Another good catch.  The sentence is deleted in -04.


 The next two paragraphs are inconsistent with section 5.1:

     On reception, if a change in quote depth occurs on a flowed line,
     this is an improperly formatted message.  The receiver SHOULD handle
     this error by using the 'quote-depth-wins' rule, which is to ignore
     the flowed indicator and treat the line as fixed.  That is, the
     change in quote depth ends the paragraph.

     In other words, whenever two adjacent lines have different quote
     depths, senders MUST ensure that the earlier line is fixed (does
     not end in a space), and receivers SHOULD treat the earlier line as
     fixed regardless of whether it ends with a space.

 According to section 5.1, the paragraph ends with the flowed line; it is
 possible therefore to have an improperly terminated paragraph consisting
 of a single flowed line, and such a paragraph would be reformatted.  If
 the flowed indicator is ignored and the line is treated as fixed, then
 we have a single fixed line, which is not a paragraph at all and would
 not be reformatted.  Also, it is possible for the line before the change
 in quote depth to be a separator line, which is arguably not fixed (see
 the discussion above).  The inconsistency could be resolved like so:

     ...the 'quote-depth-wins rule', which is to consider the paragraph
     to end with the flowed line immediately preceeding the change in
     quote depth.

     In other words, whenever two adjacent lines have different quote
     depths, senders MUST ensure that the earlier line is not flowed
     (does not end in a space), and receivers finding a flowed line there
     SHOULD treat it as the last line of a paragraph.

I agree; thanks again.


 Here we have more instances of the phrase "change in quote depth".  If
 we keep the current view that unquoted lines have no quote depth and
 quoted lines have non-zero quote depth, then we really ought to be
 saying "change in quote depth, or change from quoted to unquoted, or
 change from unquoted to quoted".  If we adopt the view that all lines
 have a quote depth, which can be zero, then the simple phrase "change in
 quote depth" will mean what we want it to mean.

I think "change in quote depth" can include a changing between quoted and unquoted.
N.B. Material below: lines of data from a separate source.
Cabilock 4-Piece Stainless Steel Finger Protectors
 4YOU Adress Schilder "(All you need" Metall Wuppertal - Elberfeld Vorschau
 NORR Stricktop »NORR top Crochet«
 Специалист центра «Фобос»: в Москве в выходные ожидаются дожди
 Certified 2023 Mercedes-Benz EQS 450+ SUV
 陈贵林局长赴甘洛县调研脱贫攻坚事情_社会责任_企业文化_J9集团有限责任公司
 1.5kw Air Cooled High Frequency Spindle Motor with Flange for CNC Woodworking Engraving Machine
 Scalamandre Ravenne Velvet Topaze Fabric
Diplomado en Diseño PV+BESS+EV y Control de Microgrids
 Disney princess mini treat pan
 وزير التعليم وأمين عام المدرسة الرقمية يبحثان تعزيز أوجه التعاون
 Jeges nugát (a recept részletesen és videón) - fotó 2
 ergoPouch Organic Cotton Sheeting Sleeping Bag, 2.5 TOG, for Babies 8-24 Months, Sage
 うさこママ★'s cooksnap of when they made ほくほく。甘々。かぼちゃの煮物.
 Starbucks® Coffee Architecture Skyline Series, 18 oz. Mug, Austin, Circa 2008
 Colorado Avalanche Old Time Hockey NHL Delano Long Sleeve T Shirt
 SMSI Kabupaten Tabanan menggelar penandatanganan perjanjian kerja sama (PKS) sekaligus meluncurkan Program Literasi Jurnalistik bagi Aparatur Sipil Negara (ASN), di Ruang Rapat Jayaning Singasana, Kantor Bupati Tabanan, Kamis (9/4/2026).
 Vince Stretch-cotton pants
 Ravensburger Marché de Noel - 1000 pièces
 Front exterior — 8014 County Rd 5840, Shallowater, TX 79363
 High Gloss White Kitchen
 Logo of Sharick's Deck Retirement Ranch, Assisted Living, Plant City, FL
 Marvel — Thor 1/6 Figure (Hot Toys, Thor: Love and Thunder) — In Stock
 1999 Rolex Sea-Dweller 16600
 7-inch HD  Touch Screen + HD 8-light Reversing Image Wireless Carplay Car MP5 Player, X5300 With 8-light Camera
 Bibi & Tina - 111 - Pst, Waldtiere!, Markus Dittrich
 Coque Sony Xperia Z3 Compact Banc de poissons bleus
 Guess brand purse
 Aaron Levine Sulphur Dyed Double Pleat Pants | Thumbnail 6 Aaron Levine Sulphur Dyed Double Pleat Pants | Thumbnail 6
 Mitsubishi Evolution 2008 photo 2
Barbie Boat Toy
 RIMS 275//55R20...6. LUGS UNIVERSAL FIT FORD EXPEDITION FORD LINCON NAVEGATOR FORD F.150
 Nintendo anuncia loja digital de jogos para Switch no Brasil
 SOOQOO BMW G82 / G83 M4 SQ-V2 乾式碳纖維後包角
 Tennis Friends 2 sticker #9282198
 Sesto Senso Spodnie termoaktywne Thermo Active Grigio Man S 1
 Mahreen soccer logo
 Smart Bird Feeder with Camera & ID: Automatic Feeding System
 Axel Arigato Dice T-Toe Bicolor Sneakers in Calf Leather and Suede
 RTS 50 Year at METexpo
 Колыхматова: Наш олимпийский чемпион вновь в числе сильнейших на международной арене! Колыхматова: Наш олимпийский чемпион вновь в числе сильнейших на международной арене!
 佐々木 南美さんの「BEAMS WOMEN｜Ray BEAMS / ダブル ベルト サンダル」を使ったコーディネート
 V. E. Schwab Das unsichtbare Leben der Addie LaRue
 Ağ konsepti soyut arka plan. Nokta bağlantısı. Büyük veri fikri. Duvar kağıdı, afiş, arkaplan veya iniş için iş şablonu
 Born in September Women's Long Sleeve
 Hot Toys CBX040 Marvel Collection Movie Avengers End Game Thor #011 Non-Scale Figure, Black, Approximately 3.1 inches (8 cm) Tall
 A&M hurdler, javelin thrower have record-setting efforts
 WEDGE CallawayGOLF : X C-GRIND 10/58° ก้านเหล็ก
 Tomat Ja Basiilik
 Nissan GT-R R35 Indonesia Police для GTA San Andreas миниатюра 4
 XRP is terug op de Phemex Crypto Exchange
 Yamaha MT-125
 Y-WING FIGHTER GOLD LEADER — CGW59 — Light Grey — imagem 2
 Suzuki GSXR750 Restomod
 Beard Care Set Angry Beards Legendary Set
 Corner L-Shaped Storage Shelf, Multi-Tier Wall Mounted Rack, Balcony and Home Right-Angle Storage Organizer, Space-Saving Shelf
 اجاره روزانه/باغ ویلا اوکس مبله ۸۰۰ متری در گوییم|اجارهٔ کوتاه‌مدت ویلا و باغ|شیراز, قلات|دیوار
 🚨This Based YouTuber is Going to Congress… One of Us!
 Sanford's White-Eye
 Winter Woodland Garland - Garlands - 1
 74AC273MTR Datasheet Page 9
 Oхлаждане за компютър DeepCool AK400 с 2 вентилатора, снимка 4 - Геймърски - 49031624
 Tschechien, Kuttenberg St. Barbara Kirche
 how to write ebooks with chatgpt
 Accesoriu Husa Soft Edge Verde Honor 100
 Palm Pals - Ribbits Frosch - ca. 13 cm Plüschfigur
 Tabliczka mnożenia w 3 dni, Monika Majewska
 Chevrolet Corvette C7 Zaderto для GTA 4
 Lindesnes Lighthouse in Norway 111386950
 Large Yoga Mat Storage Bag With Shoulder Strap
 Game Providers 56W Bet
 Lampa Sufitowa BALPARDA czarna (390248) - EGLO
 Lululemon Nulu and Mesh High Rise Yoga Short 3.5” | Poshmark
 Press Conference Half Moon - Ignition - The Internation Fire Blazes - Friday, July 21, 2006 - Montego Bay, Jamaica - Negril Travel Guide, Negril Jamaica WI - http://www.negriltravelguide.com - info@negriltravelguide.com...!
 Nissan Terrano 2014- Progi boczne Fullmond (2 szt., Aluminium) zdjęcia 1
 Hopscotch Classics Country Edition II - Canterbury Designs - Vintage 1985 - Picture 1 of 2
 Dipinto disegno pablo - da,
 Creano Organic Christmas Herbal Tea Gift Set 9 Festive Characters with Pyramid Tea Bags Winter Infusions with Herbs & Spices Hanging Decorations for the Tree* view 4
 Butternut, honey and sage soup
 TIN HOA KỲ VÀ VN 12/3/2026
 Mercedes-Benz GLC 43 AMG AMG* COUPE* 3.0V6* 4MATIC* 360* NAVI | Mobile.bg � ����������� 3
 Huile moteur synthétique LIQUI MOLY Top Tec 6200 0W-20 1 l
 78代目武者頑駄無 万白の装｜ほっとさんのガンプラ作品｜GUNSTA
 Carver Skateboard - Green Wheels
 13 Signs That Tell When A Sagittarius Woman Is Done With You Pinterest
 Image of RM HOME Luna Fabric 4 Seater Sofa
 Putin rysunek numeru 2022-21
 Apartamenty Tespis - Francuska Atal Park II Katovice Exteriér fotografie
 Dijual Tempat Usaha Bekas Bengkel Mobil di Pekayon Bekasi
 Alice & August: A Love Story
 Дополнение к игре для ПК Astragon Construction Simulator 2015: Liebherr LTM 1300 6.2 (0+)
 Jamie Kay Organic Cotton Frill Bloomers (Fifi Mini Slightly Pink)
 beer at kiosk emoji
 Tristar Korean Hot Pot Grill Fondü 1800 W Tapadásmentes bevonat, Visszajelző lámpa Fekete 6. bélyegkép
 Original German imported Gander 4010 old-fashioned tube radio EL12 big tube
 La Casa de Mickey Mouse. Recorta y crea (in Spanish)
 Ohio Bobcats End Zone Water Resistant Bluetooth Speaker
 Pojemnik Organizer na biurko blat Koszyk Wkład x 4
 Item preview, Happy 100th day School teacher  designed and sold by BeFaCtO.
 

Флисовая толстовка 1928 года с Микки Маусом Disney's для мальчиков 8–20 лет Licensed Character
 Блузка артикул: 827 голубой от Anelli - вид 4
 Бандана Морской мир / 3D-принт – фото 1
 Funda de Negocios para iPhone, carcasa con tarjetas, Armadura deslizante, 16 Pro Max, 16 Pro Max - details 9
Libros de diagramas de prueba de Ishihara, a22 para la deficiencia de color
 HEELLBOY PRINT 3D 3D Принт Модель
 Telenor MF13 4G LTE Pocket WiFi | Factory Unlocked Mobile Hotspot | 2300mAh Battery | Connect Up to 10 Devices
Even though I have retained the ABNF distinction between quoted and unquoted, I don't think the text has to be too rigid about it.

--
Randall Gellens
Opinions are personal;    facts are suspect;    I speak for myself only
-------------- Randomly-selected tag: ---------------
Nothing astonishes men so much as common sense and plain dealing.
                                          --Ralph Waldo Emerson.